▸ What you are asked to do
A complete, exact copy of the data is the required answer.

▸ Provided entries
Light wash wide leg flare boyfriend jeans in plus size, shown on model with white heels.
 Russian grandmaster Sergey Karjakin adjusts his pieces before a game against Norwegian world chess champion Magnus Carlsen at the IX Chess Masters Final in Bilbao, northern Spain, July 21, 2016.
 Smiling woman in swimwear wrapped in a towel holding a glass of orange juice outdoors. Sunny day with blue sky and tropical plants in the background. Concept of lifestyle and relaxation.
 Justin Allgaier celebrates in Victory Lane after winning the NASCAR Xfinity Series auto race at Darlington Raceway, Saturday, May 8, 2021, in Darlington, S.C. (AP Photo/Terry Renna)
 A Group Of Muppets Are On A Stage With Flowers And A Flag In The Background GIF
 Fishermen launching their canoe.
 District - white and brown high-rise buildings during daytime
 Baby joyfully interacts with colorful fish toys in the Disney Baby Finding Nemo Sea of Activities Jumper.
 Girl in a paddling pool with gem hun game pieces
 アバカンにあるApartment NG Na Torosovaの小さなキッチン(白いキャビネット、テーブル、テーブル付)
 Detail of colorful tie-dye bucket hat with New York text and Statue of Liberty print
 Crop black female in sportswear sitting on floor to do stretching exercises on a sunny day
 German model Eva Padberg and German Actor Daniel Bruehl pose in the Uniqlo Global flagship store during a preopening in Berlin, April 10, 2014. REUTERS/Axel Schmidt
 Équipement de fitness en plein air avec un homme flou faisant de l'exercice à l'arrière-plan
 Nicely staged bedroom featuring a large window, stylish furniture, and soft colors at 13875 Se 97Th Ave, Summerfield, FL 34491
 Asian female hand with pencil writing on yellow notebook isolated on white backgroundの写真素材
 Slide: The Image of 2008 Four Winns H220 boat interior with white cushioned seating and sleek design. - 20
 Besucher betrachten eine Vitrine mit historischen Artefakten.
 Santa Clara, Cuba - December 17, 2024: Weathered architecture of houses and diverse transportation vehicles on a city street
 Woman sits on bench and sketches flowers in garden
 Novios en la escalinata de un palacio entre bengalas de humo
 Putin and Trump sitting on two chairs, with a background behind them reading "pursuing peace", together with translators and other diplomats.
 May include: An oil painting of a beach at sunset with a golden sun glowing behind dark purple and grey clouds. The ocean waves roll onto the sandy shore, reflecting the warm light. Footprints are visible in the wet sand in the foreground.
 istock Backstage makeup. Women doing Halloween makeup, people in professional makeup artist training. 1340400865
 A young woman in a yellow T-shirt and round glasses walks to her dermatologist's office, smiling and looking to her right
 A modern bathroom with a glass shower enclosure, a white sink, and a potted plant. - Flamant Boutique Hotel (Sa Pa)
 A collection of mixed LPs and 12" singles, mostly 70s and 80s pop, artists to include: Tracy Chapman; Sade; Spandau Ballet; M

▸ Solution to the exercise
Light wash wide leg flare boyfriend jeans in plus size, shown on model with white heels.
 Russian grandmaster Sergey Karjakin adjusts his pieces before a game against Norwegian world chess champion Magnus Carlsen at the IX Chess Masters Final in Bilbao, northern Spain, July 21, 2016.
 Smiling woman in swimwear wrapped in a towel holding a glass of orange juice outdoors. Sunny day with blue sky and tropical plants in the background. Concept of lifestyle and relaxation.
 Justin Allgaier celebrates in Victory Lane after winning the NASCAR Xfinity Series auto race at Darlington Raceway, Saturday, May 8, 2021, in Darlington, S.C. (AP Photo/Terry Renna)
 A Group Of Muppets Are On A Stage With Flowers And A Flag In The Background GIF
 Fishermen launching their canoe.
 District - white and brown high-rise buildings during daytime
 Baby joyfully interacts with colorful fish toys in the Disney Baby Finding Nemo Sea of Activities Jumper.
 Girl in a paddling pool with gem hun game pieces
 アバカンにあるApartment NG Na Torosovaの小さなキッチン(白いキャビネット、テーブル、テーブル付)
 Detail of colorful tie-dye bucket hat with New York text and Statue of Liberty print
 Crop black female in sportswear sitting on floor to do stretching exercises on a sunny day
 German model Eva Padberg and German Actor Daniel Bruehl pose in the Uniqlo Global flagship store during a preopening in Berlin, April 10, 2014. REUTERS/Axel Schmidt
 Équipement de fitness en plein air avec un homme flou faisant de l'exercice à l'arrière-plan
 Nicely staged bedroom featuring a large window, stylish furniture, and soft colors at 13875 Se 97Th Ave, Summerfield, FL 34491
 Asian female hand with pencil writing on yellow notebook isolated on white backgroundの写真素材
 Slide: The Image of 2008 Four Winns H220 boat interior with white cushioned seating and sleek design. - 20
 Besucher betrachten eine Vitrine mit historischen Artefakten.
 Santa Clara, Cuba - December 17, 2024: Weathered architecture of houses and diverse transportation vehicles on a city street
 Woman sits on bench and sketches flowers in garden
 Novios en la escalinata de un palacio entre bengalas de humo
 Putin and Trump sitting on two chairs, with a background behind them reading "pursuing peace", together with translators and other diplomats.
 May include: An oil painting of a beach at sunset with a golden sun glowing behind dark purple and grey clouds. The ocean waves roll onto the sandy shore, reflecting the warm light. Footprints are visible in the wet sand in the foreground.
 istock Backstage makeup. Women doing Halloween makeup, people in professional makeup artist training. 1340400865
 A young woman in a yellow T-shirt and round glasses walks to her dermatologist's office, smiling and looking to her right
 A modern bathroom with a glass shower enclosure, a white sink, and a potted plant. - Flamant Boutique Hotel (Sa Pa)
 A collection of mixed LPs and 12" singles, mostly 70s and 80s pop, artists to include: Tracy Chapman; Sade; Spandau Ballet; M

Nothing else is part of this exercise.